I’m not sure what you call this. Divine Dissatisfaction? Whatever “it” is, it keeps you looking for the promise, wanting and expecting more, moving. Still, I hope to make peace between the hunger and the promise.
Looking at what I just wrote, you’d think I was a perfectionist, hard to please. I’m not. I can look past my imperfections, and yours. I want, and need, to. Jesus said we’d be forgiven as we have forgiven others.
I guess the hardest part of living this way is being “present”, and consistent. I’ve laughingly said it’d be easier if honesty, transparency regarding your true self, could be handled like at an AA meeting;
“Hi, my name is Rufus, and I’ve kicked a dog, shot the bird and yelled back at rude drivers (wouldn’t that make me one?), am divorced, and have done or thought enough terrible things in my life that if you knew you wouldn’t like me, and would know I don’t deserve love or forgiveness.” That’s our real fear, isn’t it?

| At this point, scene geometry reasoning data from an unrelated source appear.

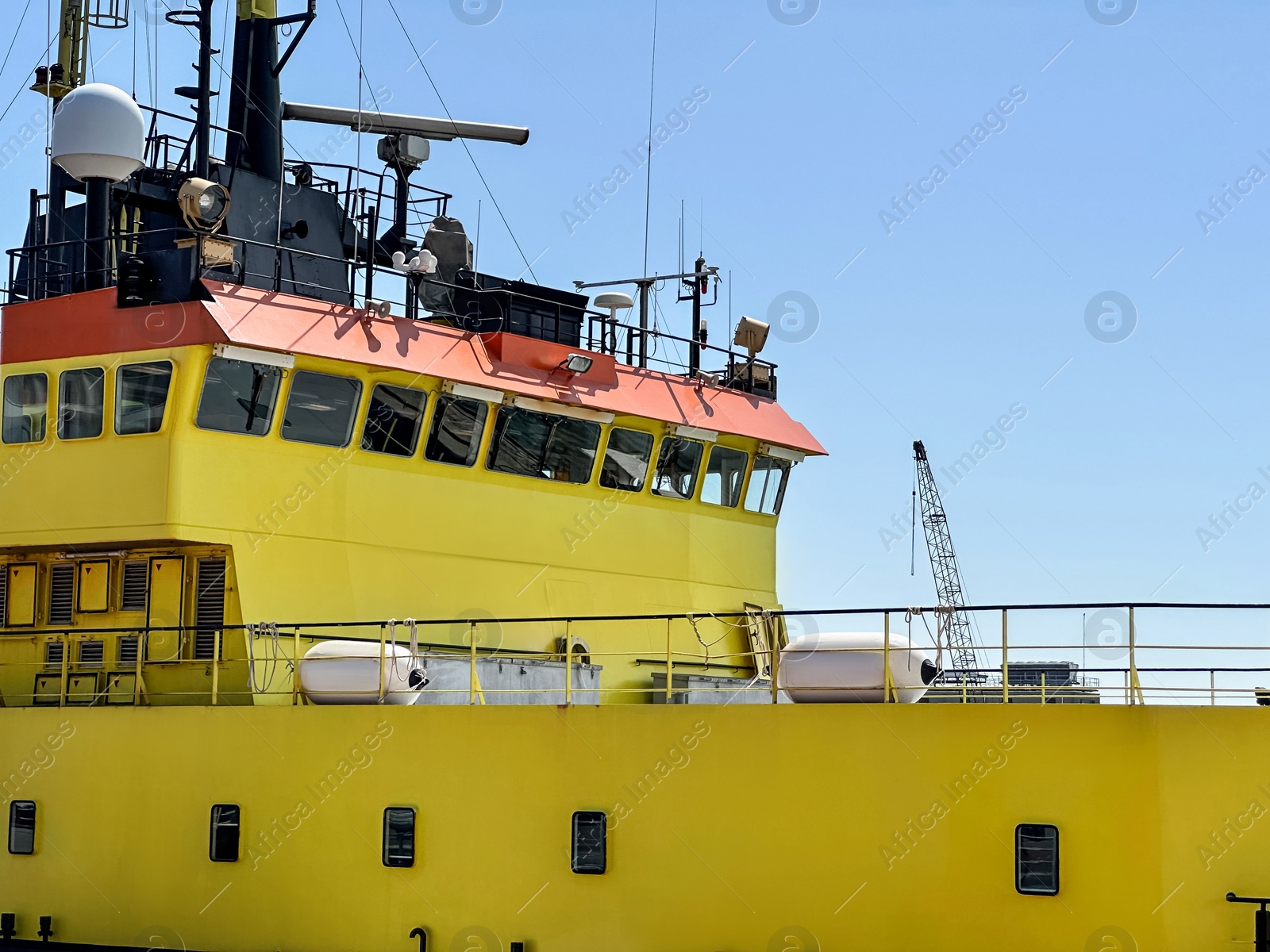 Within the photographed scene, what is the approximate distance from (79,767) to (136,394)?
3736 mm

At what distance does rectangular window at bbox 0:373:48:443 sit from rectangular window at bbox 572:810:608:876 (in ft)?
23.7

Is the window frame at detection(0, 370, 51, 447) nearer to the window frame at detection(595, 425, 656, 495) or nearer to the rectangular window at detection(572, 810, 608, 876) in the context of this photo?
the window frame at detection(595, 425, 656, 495)

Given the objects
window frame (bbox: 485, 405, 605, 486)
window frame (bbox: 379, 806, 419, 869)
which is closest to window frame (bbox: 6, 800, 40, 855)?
window frame (bbox: 379, 806, 419, 869)

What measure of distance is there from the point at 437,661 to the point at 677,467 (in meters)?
5.10

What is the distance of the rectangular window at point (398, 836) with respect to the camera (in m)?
13.7

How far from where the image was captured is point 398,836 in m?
13.7

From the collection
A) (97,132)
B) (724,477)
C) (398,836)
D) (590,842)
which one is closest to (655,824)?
(590,842)

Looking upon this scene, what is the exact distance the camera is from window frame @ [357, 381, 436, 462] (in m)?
16.1

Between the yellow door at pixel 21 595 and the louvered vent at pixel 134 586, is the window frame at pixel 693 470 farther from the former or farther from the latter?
the yellow door at pixel 21 595

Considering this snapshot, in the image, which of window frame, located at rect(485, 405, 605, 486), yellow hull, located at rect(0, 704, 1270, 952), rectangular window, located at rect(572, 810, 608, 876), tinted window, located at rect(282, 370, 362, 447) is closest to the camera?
yellow hull, located at rect(0, 704, 1270, 952)

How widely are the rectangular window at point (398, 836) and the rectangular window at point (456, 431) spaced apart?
14.1ft

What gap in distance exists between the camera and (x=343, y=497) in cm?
1602

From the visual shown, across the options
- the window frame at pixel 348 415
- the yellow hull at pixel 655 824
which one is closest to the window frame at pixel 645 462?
the window frame at pixel 348 415

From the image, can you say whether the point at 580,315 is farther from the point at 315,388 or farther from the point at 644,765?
the point at 644,765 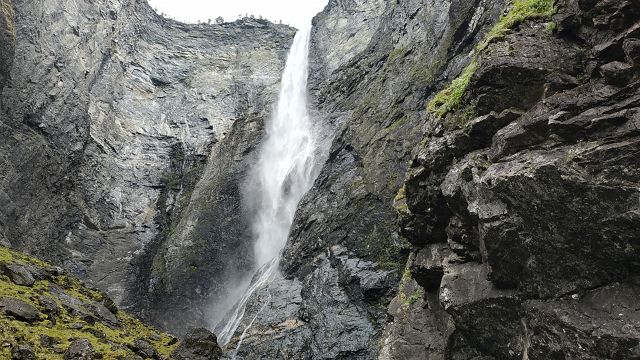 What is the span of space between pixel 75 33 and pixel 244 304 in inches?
1196

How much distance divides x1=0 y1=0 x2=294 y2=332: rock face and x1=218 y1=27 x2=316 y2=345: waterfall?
1.45m

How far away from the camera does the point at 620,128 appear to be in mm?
8312

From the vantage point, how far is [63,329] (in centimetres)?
2175

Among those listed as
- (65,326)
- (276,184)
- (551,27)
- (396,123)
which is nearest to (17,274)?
(65,326)

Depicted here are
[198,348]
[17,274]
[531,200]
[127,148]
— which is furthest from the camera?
[127,148]

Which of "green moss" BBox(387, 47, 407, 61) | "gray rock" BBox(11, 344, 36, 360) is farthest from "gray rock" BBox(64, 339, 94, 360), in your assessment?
"green moss" BBox(387, 47, 407, 61)

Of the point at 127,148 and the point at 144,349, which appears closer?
the point at 144,349

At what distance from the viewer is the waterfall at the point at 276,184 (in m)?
31.2

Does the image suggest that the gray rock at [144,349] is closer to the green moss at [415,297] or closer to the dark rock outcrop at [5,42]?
the green moss at [415,297]

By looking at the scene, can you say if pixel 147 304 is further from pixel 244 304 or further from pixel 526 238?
pixel 526 238

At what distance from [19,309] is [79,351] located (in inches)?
142

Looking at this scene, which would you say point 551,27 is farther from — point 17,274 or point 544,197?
point 17,274

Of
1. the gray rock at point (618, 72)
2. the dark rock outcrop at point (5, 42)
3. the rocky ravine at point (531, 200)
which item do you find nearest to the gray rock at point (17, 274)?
the dark rock outcrop at point (5, 42)

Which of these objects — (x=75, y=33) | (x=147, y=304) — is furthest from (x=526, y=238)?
(x=75, y=33) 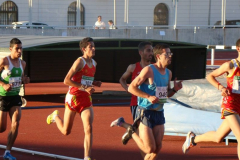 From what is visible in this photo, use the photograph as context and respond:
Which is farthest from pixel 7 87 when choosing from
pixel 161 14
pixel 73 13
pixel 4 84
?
pixel 161 14

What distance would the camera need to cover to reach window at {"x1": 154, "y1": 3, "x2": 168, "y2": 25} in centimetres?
5359

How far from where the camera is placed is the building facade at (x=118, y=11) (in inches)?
1923

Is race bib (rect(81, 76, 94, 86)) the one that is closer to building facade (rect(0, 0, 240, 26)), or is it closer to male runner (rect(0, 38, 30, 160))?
male runner (rect(0, 38, 30, 160))

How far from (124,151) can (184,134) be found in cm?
136

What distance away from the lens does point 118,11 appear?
167 feet

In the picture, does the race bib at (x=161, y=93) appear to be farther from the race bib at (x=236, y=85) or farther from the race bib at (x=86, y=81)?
the race bib at (x=86, y=81)

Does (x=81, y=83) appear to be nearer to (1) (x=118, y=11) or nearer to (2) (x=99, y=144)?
(2) (x=99, y=144)

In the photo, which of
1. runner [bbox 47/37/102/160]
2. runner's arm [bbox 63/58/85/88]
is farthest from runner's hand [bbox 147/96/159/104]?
runner's arm [bbox 63/58/85/88]

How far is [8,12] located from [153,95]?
4386 centimetres

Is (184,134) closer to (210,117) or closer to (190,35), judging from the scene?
(210,117)

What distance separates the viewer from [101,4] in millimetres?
51344

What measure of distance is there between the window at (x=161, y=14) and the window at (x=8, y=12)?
13721 mm

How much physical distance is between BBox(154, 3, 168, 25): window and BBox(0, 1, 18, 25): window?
13.7 m

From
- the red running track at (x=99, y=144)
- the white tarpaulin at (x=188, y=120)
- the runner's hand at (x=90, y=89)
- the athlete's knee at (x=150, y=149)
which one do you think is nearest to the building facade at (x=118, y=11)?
the red running track at (x=99, y=144)
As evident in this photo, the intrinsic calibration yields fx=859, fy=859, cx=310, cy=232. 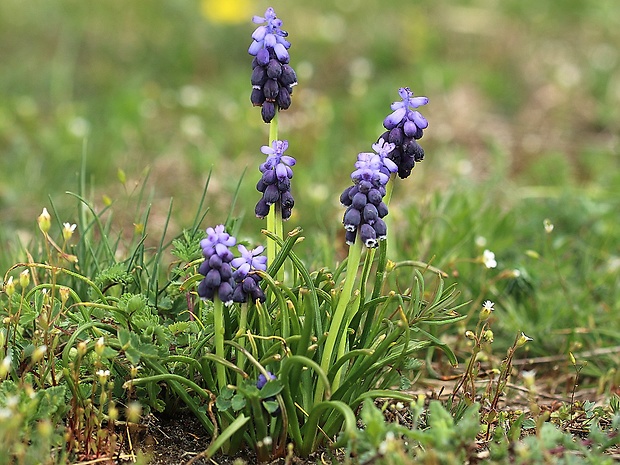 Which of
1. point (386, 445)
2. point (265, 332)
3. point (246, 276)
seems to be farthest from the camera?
point (265, 332)

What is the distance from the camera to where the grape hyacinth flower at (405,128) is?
230cm

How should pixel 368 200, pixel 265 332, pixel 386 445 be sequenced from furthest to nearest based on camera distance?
pixel 265 332, pixel 368 200, pixel 386 445

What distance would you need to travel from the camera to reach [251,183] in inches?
184

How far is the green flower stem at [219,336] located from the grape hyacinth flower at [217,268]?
49 millimetres

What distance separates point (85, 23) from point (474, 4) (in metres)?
3.30

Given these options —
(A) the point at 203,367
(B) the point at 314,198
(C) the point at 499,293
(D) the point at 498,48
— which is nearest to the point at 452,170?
(B) the point at 314,198

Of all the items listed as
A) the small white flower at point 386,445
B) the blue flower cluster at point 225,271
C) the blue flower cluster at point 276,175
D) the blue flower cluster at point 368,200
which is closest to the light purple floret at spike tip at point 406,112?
the blue flower cluster at point 368,200

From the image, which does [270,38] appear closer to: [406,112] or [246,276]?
[406,112]

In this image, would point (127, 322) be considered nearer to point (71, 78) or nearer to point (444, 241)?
point (444, 241)

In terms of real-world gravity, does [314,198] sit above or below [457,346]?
above

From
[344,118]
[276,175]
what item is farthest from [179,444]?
[344,118]

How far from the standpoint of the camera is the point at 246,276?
7.55 feet

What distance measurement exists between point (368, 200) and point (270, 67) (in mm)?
486

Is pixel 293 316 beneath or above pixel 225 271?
beneath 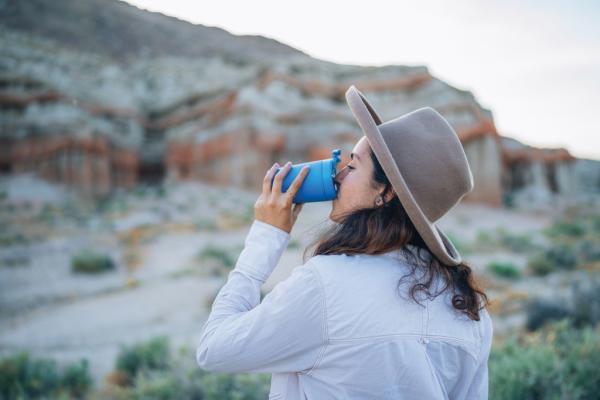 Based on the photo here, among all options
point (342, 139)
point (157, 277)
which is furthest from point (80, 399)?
point (342, 139)

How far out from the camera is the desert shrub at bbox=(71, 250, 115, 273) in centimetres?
1110

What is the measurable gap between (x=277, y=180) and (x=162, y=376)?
345 cm

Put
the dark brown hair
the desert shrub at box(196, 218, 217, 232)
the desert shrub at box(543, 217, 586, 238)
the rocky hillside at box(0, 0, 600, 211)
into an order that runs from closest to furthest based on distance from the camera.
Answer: the dark brown hair
the desert shrub at box(543, 217, 586, 238)
the desert shrub at box(196, 218, 217, 232)
the rocky hillside at box(0, 0, 600, 211)

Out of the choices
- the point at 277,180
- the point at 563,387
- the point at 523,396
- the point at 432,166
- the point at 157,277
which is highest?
the point at 432,166

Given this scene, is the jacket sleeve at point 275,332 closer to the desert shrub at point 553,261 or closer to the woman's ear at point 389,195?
the woman's ear at point 389,195

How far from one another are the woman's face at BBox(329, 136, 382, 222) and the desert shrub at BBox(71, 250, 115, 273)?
1151cm

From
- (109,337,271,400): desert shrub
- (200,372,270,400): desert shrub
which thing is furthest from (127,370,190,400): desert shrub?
(200,372,270,400): desert shrub

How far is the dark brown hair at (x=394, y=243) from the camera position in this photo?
49.4 inches

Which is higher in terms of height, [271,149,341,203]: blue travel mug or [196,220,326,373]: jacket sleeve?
[271,149,341,203]: blue travel mug

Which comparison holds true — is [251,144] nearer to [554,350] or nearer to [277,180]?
[554,350]

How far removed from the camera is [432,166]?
129 cm

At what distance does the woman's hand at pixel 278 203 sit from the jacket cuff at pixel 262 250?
22 millimetres

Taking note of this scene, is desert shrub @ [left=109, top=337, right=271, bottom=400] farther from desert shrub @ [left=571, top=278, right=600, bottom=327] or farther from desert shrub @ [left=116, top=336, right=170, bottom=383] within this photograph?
desert shrub @ [left=571, top=278, right=600, bottom=327]

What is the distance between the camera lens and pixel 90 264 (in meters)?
11.2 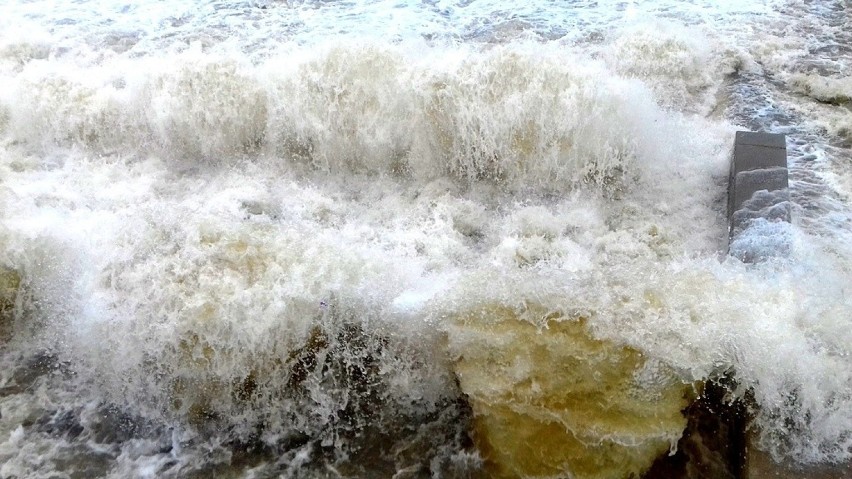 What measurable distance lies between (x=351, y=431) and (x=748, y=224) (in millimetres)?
3053

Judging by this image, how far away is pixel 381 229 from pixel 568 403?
2.23 meters

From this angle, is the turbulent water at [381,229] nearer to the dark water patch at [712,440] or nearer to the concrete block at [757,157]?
the dark water patch at [712,440]

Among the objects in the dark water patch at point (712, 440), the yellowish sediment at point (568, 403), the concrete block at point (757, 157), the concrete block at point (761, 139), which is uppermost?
the concrete block at point (761, 139)

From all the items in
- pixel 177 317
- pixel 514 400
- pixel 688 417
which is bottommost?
pixel 688 417

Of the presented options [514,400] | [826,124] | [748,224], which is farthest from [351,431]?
[826,124]

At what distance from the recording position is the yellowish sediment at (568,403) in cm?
312

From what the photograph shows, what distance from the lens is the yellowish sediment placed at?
312 centimetres

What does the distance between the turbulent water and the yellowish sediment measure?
82 millimetres

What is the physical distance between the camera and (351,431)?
360 cm

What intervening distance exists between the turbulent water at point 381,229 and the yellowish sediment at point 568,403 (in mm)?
82

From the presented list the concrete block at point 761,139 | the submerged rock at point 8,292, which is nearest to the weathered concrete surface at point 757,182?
the concrete block at point 761,139

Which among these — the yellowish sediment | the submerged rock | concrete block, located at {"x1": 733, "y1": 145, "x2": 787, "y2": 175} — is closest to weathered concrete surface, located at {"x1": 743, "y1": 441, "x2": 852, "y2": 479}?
the yellowish sediment

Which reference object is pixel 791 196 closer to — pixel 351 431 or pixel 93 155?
pixel 351 431

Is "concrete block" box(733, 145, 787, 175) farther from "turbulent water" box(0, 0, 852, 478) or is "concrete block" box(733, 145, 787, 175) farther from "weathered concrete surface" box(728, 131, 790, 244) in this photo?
"turbulent water" box(0, 0, 852, 478) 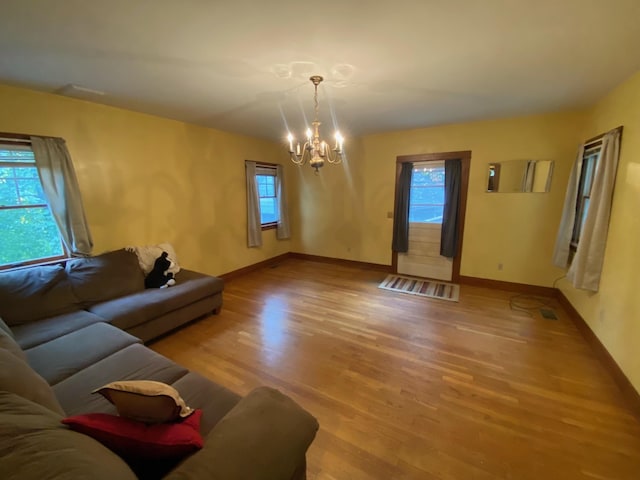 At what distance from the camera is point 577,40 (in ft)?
5.74

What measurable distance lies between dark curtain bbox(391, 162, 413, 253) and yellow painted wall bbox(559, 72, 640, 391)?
7.55 feet

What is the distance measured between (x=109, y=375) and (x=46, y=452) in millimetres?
1125

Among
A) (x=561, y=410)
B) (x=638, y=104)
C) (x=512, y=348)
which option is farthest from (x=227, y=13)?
(x=512, y=348)

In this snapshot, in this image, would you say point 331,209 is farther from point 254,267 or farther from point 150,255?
point 150,255

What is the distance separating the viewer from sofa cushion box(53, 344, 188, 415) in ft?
4.50

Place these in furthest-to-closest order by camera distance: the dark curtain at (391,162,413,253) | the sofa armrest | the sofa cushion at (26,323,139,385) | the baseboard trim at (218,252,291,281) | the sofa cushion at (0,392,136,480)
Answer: the baseboard trim at (218,252,291,281), the dark curtain at (391,162,413,253), the sofa cushion at (26,323,139,385), the sofa armrest, the sofa cushion at (0,392,136,480)

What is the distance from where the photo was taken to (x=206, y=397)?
4.64 ft

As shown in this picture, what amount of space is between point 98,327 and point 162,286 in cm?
92

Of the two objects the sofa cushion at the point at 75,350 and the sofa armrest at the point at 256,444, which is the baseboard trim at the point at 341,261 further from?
the sofa armrest at the point at 256,444

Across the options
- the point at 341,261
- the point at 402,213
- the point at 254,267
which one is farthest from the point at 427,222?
the point at 254,267

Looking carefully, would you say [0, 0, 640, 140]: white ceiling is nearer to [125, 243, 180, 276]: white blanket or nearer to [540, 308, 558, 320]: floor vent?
[125, 243, 180, 276]: white blanket

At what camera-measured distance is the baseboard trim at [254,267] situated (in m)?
4.60

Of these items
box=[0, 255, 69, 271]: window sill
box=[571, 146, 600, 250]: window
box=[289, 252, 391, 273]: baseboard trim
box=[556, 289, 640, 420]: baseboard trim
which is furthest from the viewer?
box=[289, 252, 391, 273]: baseboard trim

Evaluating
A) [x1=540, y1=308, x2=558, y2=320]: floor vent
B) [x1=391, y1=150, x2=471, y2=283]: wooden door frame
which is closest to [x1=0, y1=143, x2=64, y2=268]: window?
[x1=391, y1=150, x2=471, y2=283]: wooden door frame
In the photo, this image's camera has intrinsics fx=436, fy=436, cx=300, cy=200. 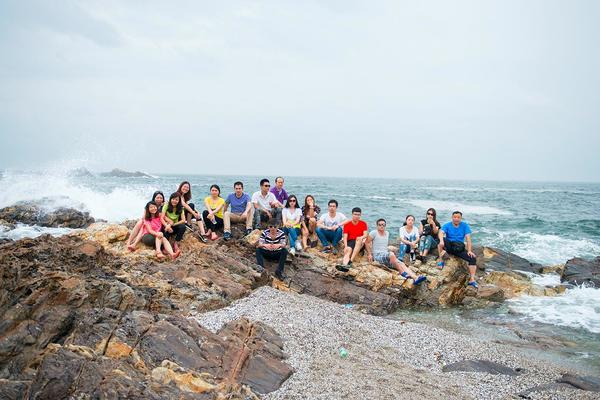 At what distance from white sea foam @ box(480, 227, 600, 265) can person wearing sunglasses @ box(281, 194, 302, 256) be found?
45.9ft

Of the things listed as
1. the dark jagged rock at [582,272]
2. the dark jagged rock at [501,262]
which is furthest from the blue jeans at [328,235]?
the dark jagged rock at [582,272]

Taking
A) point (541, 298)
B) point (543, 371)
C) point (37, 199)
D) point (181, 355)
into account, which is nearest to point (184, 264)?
point (181, 355)

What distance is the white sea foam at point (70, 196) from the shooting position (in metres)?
26.8

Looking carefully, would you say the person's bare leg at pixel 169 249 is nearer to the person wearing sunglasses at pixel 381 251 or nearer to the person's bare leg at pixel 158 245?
the person's bare leg at pixel 158 245

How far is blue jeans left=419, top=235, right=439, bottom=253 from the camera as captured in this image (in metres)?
13.7

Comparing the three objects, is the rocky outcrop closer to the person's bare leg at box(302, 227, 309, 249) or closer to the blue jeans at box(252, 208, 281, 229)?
the person's bare leg at box(302, 227, 309, 249)

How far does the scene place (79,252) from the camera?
9977mm

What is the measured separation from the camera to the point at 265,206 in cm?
1423

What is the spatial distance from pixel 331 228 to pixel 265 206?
2.29 metres

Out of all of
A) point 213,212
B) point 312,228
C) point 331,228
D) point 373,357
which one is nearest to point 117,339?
point 373,357

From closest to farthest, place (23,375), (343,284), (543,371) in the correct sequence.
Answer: (23,375), (543,371), (343,284)

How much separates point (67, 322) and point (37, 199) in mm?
22625

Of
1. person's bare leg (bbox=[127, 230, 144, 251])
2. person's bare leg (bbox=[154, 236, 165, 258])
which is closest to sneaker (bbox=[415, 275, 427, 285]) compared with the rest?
person's bare leg (bbox=[154, 236, 165, 258])

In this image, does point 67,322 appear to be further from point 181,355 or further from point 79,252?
point 79,252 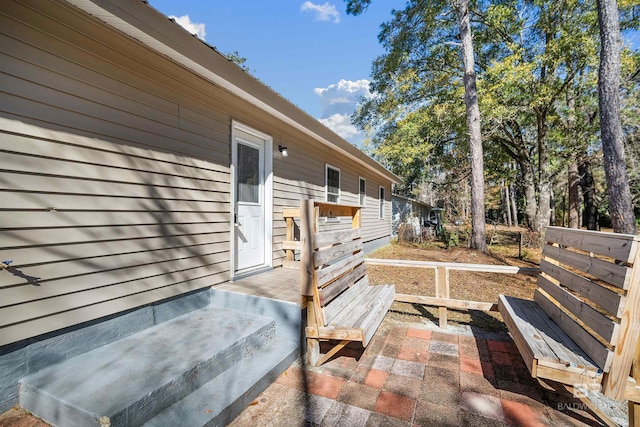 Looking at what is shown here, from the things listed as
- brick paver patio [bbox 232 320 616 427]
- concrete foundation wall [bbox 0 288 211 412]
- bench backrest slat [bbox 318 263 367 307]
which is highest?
bench backrest slat [bbox 318 263 367 307]

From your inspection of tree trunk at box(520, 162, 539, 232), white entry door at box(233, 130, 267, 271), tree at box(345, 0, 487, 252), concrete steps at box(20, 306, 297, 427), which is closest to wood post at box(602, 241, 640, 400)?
concrete steps at box(20, 306, 297, 427)

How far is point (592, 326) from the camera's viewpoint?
73.8 inches

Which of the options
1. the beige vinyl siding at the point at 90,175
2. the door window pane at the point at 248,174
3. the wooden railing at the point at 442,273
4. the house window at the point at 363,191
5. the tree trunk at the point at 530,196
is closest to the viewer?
the beige vinyl siding at the point at 90,175

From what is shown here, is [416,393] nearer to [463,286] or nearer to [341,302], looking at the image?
[341,302]

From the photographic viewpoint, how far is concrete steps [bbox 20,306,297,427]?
5.32 feet

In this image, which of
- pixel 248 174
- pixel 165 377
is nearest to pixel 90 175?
pixel 165 377

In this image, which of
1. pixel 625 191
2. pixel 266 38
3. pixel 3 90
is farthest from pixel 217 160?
pixel 266 38

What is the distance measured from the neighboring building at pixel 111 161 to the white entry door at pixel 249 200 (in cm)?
4

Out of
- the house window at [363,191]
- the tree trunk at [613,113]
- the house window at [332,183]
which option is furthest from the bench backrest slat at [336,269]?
the house window at [363,191]

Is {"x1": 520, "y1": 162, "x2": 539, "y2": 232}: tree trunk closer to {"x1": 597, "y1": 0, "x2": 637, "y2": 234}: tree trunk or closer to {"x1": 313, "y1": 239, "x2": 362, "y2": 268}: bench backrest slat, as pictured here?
{"x1": 597, "y1": 0, "x2": 637, "y2": 234}: tree trunk

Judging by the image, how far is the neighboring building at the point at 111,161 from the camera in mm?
1905

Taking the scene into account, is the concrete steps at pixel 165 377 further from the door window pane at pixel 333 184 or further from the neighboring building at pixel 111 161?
the door window pane at pixel 333 184

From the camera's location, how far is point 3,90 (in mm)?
1824

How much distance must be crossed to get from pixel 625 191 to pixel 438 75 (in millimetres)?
8916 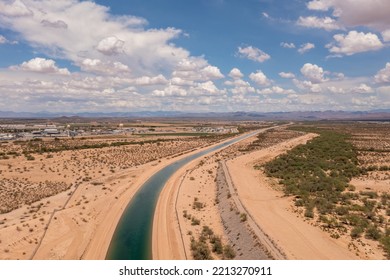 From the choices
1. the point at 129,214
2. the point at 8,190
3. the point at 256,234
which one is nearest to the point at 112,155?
the point at 8,190

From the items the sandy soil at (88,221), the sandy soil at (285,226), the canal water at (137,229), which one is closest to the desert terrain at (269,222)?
the sandy soil at (285,226)

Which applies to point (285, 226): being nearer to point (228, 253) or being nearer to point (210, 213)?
point (228, 253)

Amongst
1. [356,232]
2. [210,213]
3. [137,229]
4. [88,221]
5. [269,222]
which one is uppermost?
[356,232]

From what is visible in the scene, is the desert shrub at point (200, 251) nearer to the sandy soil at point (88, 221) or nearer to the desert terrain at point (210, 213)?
the desert terrain at point (210, 213)

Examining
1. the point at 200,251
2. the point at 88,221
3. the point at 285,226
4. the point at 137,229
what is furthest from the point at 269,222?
the point at 88,221

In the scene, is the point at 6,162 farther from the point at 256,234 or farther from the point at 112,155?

If it would help I could made a list before the next gathering ;-). Wouldn’t that be dangerously wild, showing my true face? Yeah, probably so, I know it would be exciting! But the folks there would probably nod their heads, perhaps shed a few tears of recognition, and softly smile.
Somehow, I think they already know me. And they care deeply, but not in an excessive way. They understand, have been there.
And they love me, but not because of me. Now that looks strange in print, but it’s a relief.
I think that’s called grace, mercy, and forgiveness. It’s medicine for spirit and soul, to be sure.
It’s a hard, messy road, gang. And we may sound and act a little weird sometimes. But I’m really glad it’s available, because it is the only real game in town. Hopefully there will be good company along the way at some point.
But if you ever want to compare lists, we can go get a cup of coffee. It’s good sometimes to sit down, unroll “it”, and let everyone see where you’ve been. To confess our sins to one another, to allow God to speak through someone else about what you may have misunderstood, and to hear healing words of restoration.
So it’s a very good first question… “Would you want it, if it were available?”